I've been building this site with Claude Code as my pair programmer. Claude writes most of the code. I review it, test it, and guide the direction. It's been remarkably productive.
But I noticed a gap in the process.
When you're the only human reviewer, and your AI assistant wrote the code, you're reviewing from a position of trust. Claude explained what it did. The explanation sounds reasonable. The code looks right. You move on.
This is how bugs slip through.
Enter Codex
OpenAI's Codex is a code review agent. You point it at a PR or a set of changes, and it reviews them—looking for bugs, security issues, style problems, and edge cases you might have missed.
I started using it as a second opinion on Claude's work.
The workflow is simple: Claude makes changes, I do an initial review, then I queue a Codex review before merging. If Codex finds something, we fix it. If it doesn't, we merge with more confidence.
What I didn't expect was how often Codex would catch things that both Claude and I missed.
Real Examples
Here are actual findings from the past few sessions.
The Modifier Key Bug
Claude implemented a TransitionLink component for smooth page transitions using the View Transitions API. The code looked clean:
function handleClick(e: MouseEvent<HTMLAnchorElement>) {
e.preventDefault();
// ... transition logic
}
Codex flagged it:
The click handler calls
preventDefault()unconditionally. This breaks standard browser behavior for modifier key clicks (Cmd+click to open in new tab, Ctrl+click, middle-click, etc.).
It was right. The fix was to check for modifier keys before preventing default:
function shouldUseDefaultBehavior(e: MouseEvent<HTMLAnchorElement>): boolean {
return (
e.button !== 0 || // Not left click
e.metaKey || // Cmd+click (Mac)
e.ctrlKey || // Ctrl+click
e.shiftKey || // Shift+click
e.altKey // Alt+click
);
}
This is exactly the kind of bug that's easy to write, easy to miss in review, and annoying to discover later when you're trying to open a link in a new tab and nothing happens.
The Wrong Units
Claude added Real User Monitoring data export from GA4. The code collected Web Vitals metrics and stored them with units:
webVitals[metricName] = {
count: eventCount,
average: totalValue / eventCount,
unit: metricName === 'CLS' ? '' : 's' // seconds
};
Codex caught it:
LCP and FCP values from web-vitals are reported in milliseconds, not seconds. The unit should be 'ms'.
Small error, but it would have made the dashboard display nonsense values. A 329ms LCP would show as "0.33s" instead of "329ms", which is technically correct but inconsistent with how these metrics are typically reported.
The Stale Data Problem
The GA4 export script updated latest.json with web vitals data when available. But what happens when there's no new data?
Codex:
If no Web Vitals events are found, the script doesn't clear the previous
webVitalsfield inlatest.json. This could show stale data from a previous run.
The fix was a single line:
if (Object.keys(webVitals).length === 0) {
delete summary.webVitals;
}
None of these bugs would have caused the site to crash. They're subtle correctness issues—the kind that accumulate into a vaguely broken user experience that's hard to diagnose.
The Meta Question
Is it weird to have AI review AI code while a human supervises?

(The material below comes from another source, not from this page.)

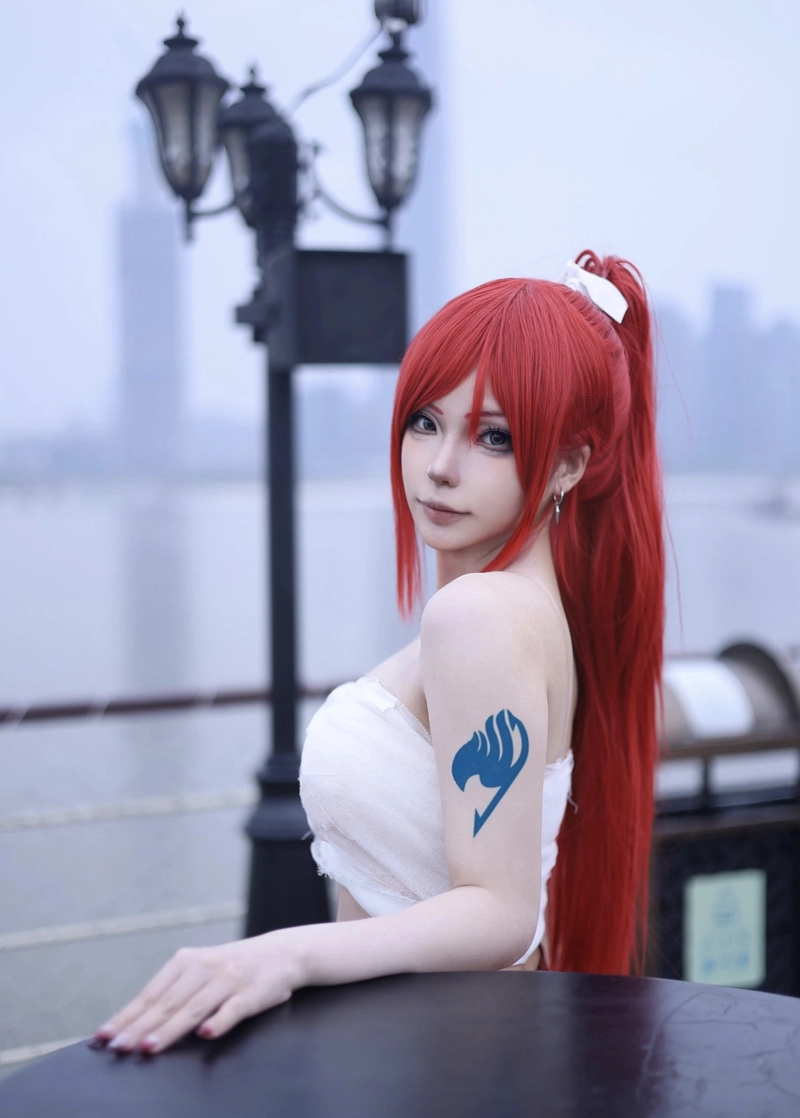 Phong thái cổ điển cuốn hút cùng cosplay Erza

Maybe. But the alternative is having only one perspective on AI-generated code—either trusting it completely or reviewing it exhaustively yourself.
I don't have the energy to scrutinize every line Claude writes. I also don't want to ship bugs that a five-minute automated review would have caught.
Codex fills that gap. It's not replacing my judgment. It's augmenting it with a different perspective that catches different things.
The Deeper Pattern
This is really about building review systems that don't depend on a single point of failure.
In traditional development, code review exists because the author is too close to their own work. Fresh eyes catch what familiar eyes miss.
AI-assisted development has the same problem, just shifted. I'm too close to the conversation with Claude. I trust the explanation. I believe the code does what we discussed.
Adding Codex creates distance. It's a reviewer that doesn't care about our conversation, doesn't know what we intended, and just asks: "But is the code actually correct?"
Sometimes the answer is no. And I'm glad something caught it before users did.
Takeaway
Using one AI to review another AI's code sounds like a punchline. In practice, it's just defense in depth.
Claude writes code with context and intent. Codex reviews code without context or intent. The combination catches more bugs than either alone.
The meta layers are getting deep. But the shipped code is better for it.